On Mon, Feb 16, 2026 at 03:49:51PM +0100, hermann@stamm-wilbrandt.de wrote:
> It all started with me trying to play with J. Brillhart, D. H. Lehmer and J.
> L. Selfridge 1975 paper theorem 1:
> https://t5k.org/prove/prove3_1.html
> 
> While theorem 1 does not require the same a_i for different prime divisors
> p_i of N-1 to be used, I learned that a primitive root allows to be used for
> all prime divisors of N-1.
> 
> I played with prime Euclid numbers https://oeis.org/A014545, for which the
> factorization of N-1 is trivial. A simple sequential replacement of
> znprimroot() is much faster because znprimroot() has to factor N-1 first,
> and prime 457th Euclid number is smallest example where GP has to spend much
> time on the factorization:

Well, the problem is not factoring,

? P=prime(457)#+1;
? factor(eulerphi(P));
? ##
  ***   last result: cpu time 85 ms, real time 85 ms.

This is strange since
o=factor(P-1);for(i=2,P-1,print(i," ");if(znorder(Mod(i,P),o)==P-1, break()))
is much faster than znprimroot(P).

> It seems that GP does optimize muliple modular exponentiation with same base
> better than how I tried to do it.

It does not optimize in this case.
What happens is that the binary powering code depend on
(e being the exponent) on logint(e,2) and hamming(e)
So if you replace an exponent by another exponent that is not
significantly smaller, this does not improve the running time.

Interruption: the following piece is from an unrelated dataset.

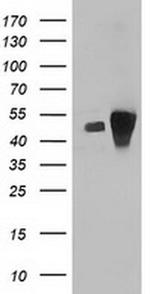 ARFGAP1 Antibody in Western Blot (WB)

In C there are multiple modular exponentiation code:
Fp_pow_init/Fp_pow_table
that you can use in GP using install()

install(Fp_pow_init,mGGLG)
install(Fp_pow_table,GGG)

To compute x^n mod p for n in N, set nmax to max N, k a small integer and initialize:
R = Fp_pow_init(x, nmax, k, p);

Then you can compute x^n mod p with
Fp_pow_table(R, n, p)

Cheers,
Bill.